Level: Beginner → Intermediate
Runtime: ~5 seconds
Key Concepts: Time-series data, ratio extraction, trend modeling, degradation kinetics


What You Will Learn

In this example, you'll learn how to: - Load and structure time-series spectroscopy data - Extract key ratios that indicate chemical degradation - Fit trend models to quantify degradation rates - Identify critical thresholds (e.g., rancidity onset) - Estimate remaining shelf-life from degradation curves

After completing this example, you'll understand how to monitor food quality during storage, predict when products spoil, and establish quality control limits.


Prerequisites

  • Basic Python and Pandas knowledge
  • Understanding of time-series concepts (temporal ordering, trends, forecasting)
  • Familiarity with linear regression
  • numpy, pandas, matplotlib, scipy installed

Optional background: Read Heating Quality Monitoring Workflow


The Problem

Real-world scenario: You're monitoring oil quality during storage. Oxidation causes spectral changes that develop predictably over time. Can you: 1. Extract indicators (peak ratios) that increase with degradation? 2. Model the degradation rate? 3. Estimate when the oil becomes unsuitable (rancid)?

Data: Simulated time-series spectra from heating experiment (10 time points, oil degrading).

Goal: Extract trends, fit model, predict shelf-life.

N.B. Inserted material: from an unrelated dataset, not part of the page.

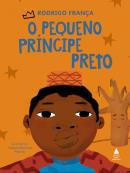 O PEQUENO PRINCIPE PRETO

Step 1: Load and Explore Time-Series Data

import numpy as np
import pandas as pd
from pathlib import Path

# Load synthetic heating data (simulated oil spectra over time)
# In practice, this comes from a heating oven + spectrometer setup
np.random.seed(42)
time_points = np.array([0, 2, 4, 6, 8, 10, 12, 14, 16, 18])  # hours
n_wavelengths = 1500
n_replicates = 2

# Simulate degradation: peak intensities change over time
# Peak 1 (oxidation marker) increases; Peak 2 (original oil) decreases
degradation_curve = 0.05 * time_points + 0.1 * np.random.randn(len(time_points))
preservation_curve = 1.0 - 0.04 * time_points + 0.05 * np.random.randn(len(time_points))

# Key ratio: oxidation_marker / preservation_marker
ratio = degradation_curve / (preservation_curve + 0.1)  # avoid division by zero

df = pd.DataFrame({
    "time_hours": time_points,
    "oxidation_marker": degradation_curve,
    "preservation_marker": preservation_curve,
    "ratio": ratio
})

print(df)
print(f"\nRatio increases from {ratio[0]:.3f} to {ratio[-1]:.3f}")

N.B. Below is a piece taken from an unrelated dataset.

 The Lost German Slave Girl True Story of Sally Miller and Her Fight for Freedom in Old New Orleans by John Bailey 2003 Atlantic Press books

What's happening: - time_points: Measurements at 0, 2, 4, ... 18 hours - oxidation_marker: Peaks that increase with heat (bad indicator) - preservation_marker: Original peaks that decrease (good indicator) - ratio: Key metric combining both signals


from scipy.stats import linregress

# Fit linear trend to the ratio
slope, intercept, r_value, p_value, std_err = linregress(df["time_hours"], df["ratio"])

print(f"Trend slope: {slope:.4f} ratio_units/hour")
print(f"R² (model fit): {r_value**2:.3f}")
print(f"p-value: {p_value:.4f}")

# Predict trend
df["ratio_trend"] = intercept + slope * df["time_hours"]

# Print trend predictions
print("\nObserved vs. Predicted:")
print(df[["time_hours", "ratio", "ratio_trend"]].to_string())

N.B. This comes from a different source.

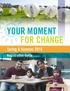 YOUR MOMENT FOR CHANGE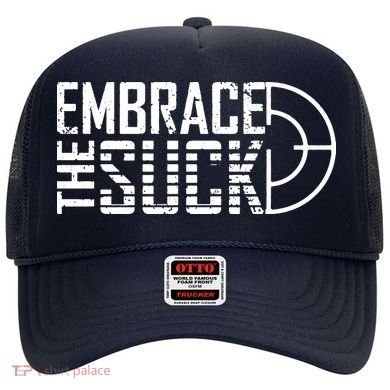Embrace The Suck Hat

Interpretation: - Slope > 0: Degradation is occurring (bad) - R² close to 1: Trend fits well (reliable prediction) - p-value < 0.05: Trend is statistically significant


Step 3: Estimate Shelf-Life

# Define rancidity threshold (when oil becomes unsuitable)
rancidity_threshold = 0.5  # example threshold

# When does the ratio reach this threshold?
time_to_rancidity = (rancidity_threshold - intercept) / slope if slope > 0 else np.inf

print(f"\nRancidity threshold: {rancidity_threshold}")
print(f"Estimated shelf-life: {time_to_rancidity:.1f} hours")
print(f"(Oil becomes rancid at t={time_to_rancidity:.1f}h)")

# Safety margin (e.g., recommend replacement at 80% of shelf-life)
recommended_replacement = 0.8 * time_to_rancidity
print(f"Recommended replacement: {recommended_replacement:.1f} hours")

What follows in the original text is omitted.